Saya sendiri merasa beruntung dibesarkan oleh orangtua yang mengerti literasi. Saya sudah bisa membaca teks dengan baik pada saat berusia 5 tahun. Karena orangtua saya suka membeli majalah Bobo dan komik bergambar lainnya, saya mulai gemar membaca komik bergambar sejak usia 7 tahun. Kegemaran saya akan cerita dan dongeng juga didukung oleh didikan orangtua saya yang tidak pernah melepaskan kami dari dongeng sebelum tidur. Setelahnya, saya mulai mampu menamatkan novel tanpa memahami konteksnya dengan baik pada usia 9 tahun. Pada usia remaja awal, saya gemar menambah koleksi bacaan novel saya. Pada waktu usia saya SMP, saya sudah terbiasa menamatkan satu novel dalam satu malam, sehingga tidak berlebihan rasanya jika dikatakan saya menamatkan 5 novel per minggu.
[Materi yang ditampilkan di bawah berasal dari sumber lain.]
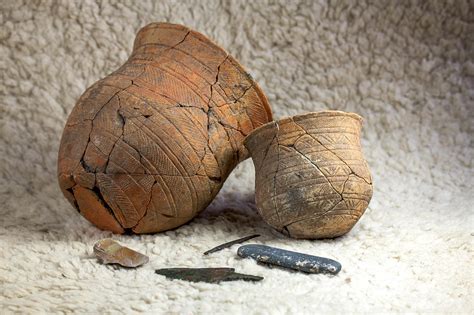 Ilustrácia pravekej nádoby s fermentujúcim nápojom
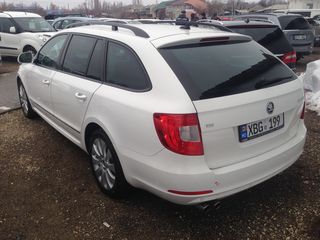 Skoda Superb foto 4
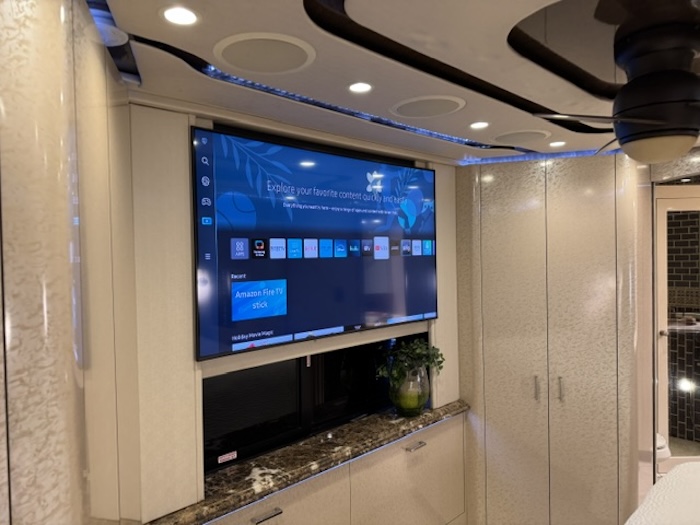 2011 Prevost Featherlite H3-45 For Sale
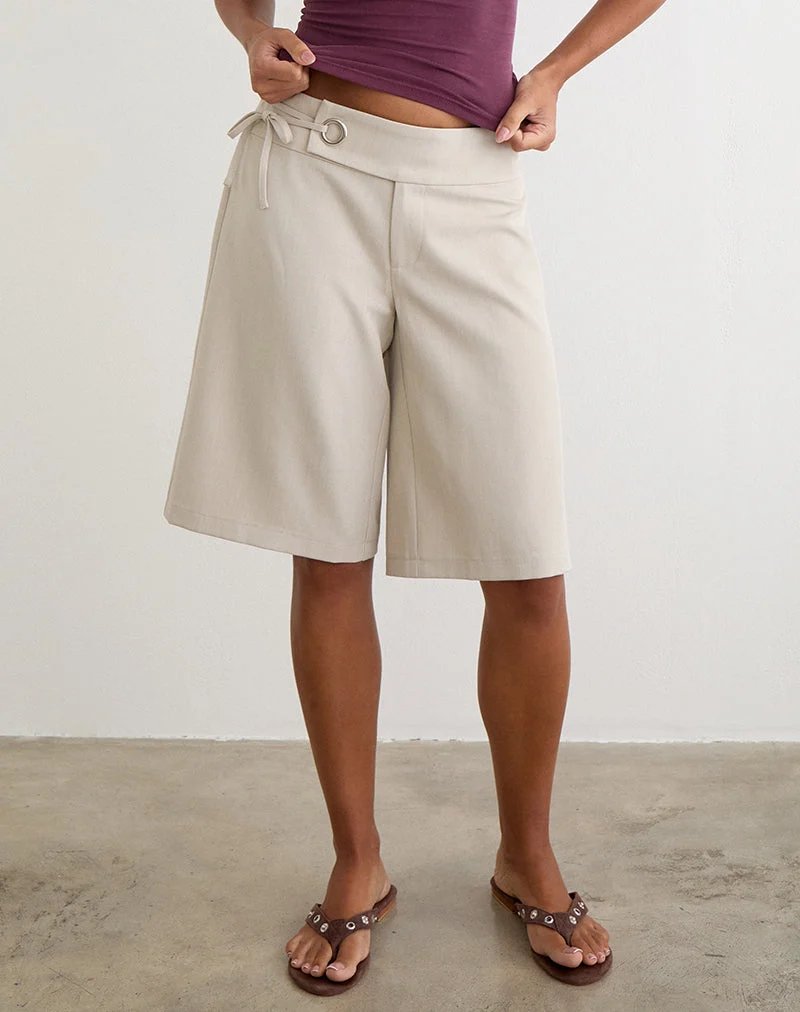 Tora Longline-Shorts mit Bindeband in der Farbe „Tailoring Stone“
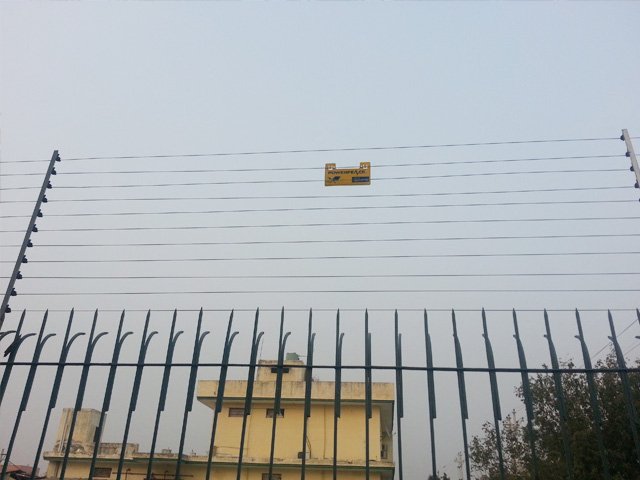 Perimeter Electric Security Fencing System Protection Palisade Solar Electronic Gallagher Power Nemtek Outdoor Residential Wall Boundary Fence Steel Net Gate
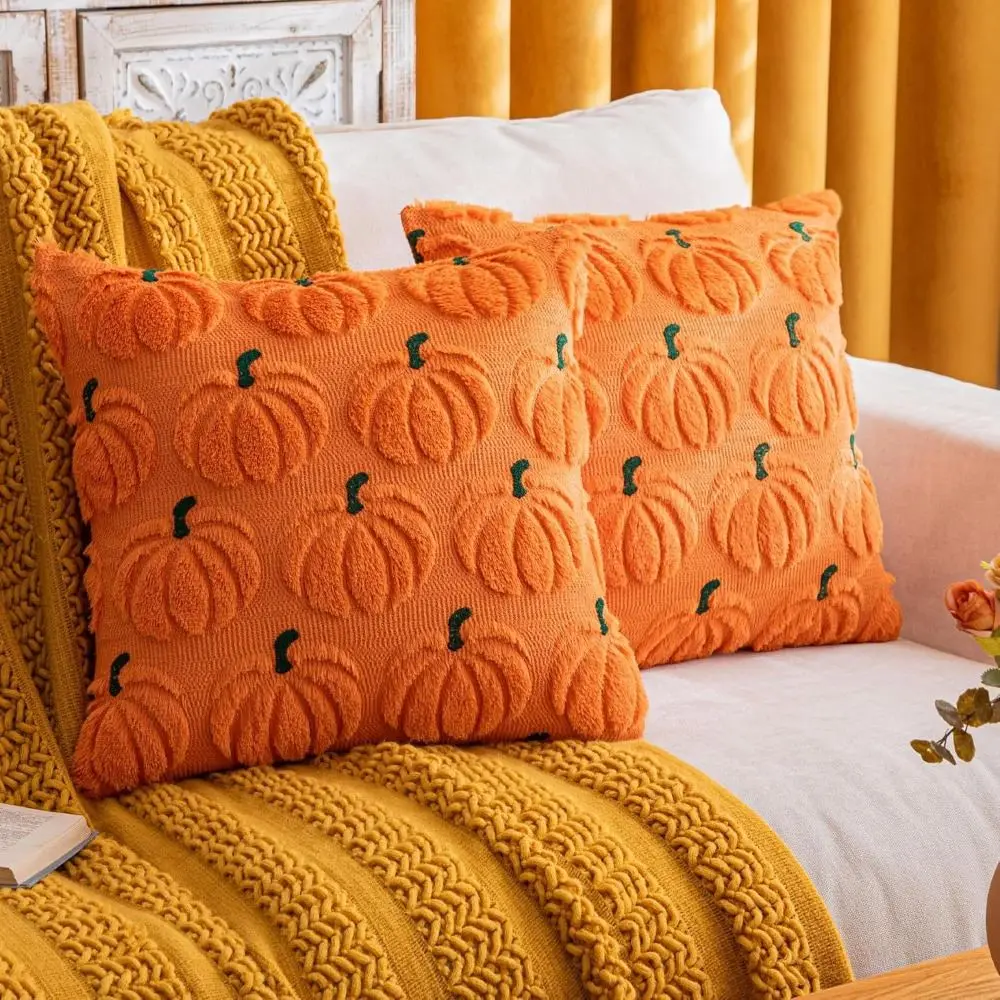 Kissenbezug mit getuftetem Kürbis-Motiv für den Herbst – Orange – Kürbisse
Singkat cerita, saya sangat menggemari dunia membaca, tapi dengan mengamati apa yang terjadi pada diri saya dan membandingkannya dengan orang lain, saya jadi sadar bahwa ada jarak tertentu yang muncul di antara kami. Jarak yang menyebabkan saya menjadi memiliki kemampuan kritis dan kemampuan mengolah data literasi yang berbeda dalam kepala saya. Di blog pribadi saya (platform wordpress khususnya), saya menuliskan sebuah tagline, "mencintai tulisan tidak serumit membaca". Tagline ini pertama kali  saya cetuskan di dalam buku harian saya ketika saya memikirkan alasan dibalik sikap kritis teman-teman SMA saya belum terbentuk. Pada waktu itu, kesimpulan saya, teman-teman saya mungkin mampu menyenangi tulisan, mereka mampu mengenali tulisan, mengubahnya ke dalam bahasa bunyi, mengerti makna kata, tapi mereka belum mampu "membaca". Mereka belum mampu menarik informasi dari bacaan, belum mampu membandingkannya dengan bacaan lain, apalagi memposisikan bacaan itu dalam kepalanya.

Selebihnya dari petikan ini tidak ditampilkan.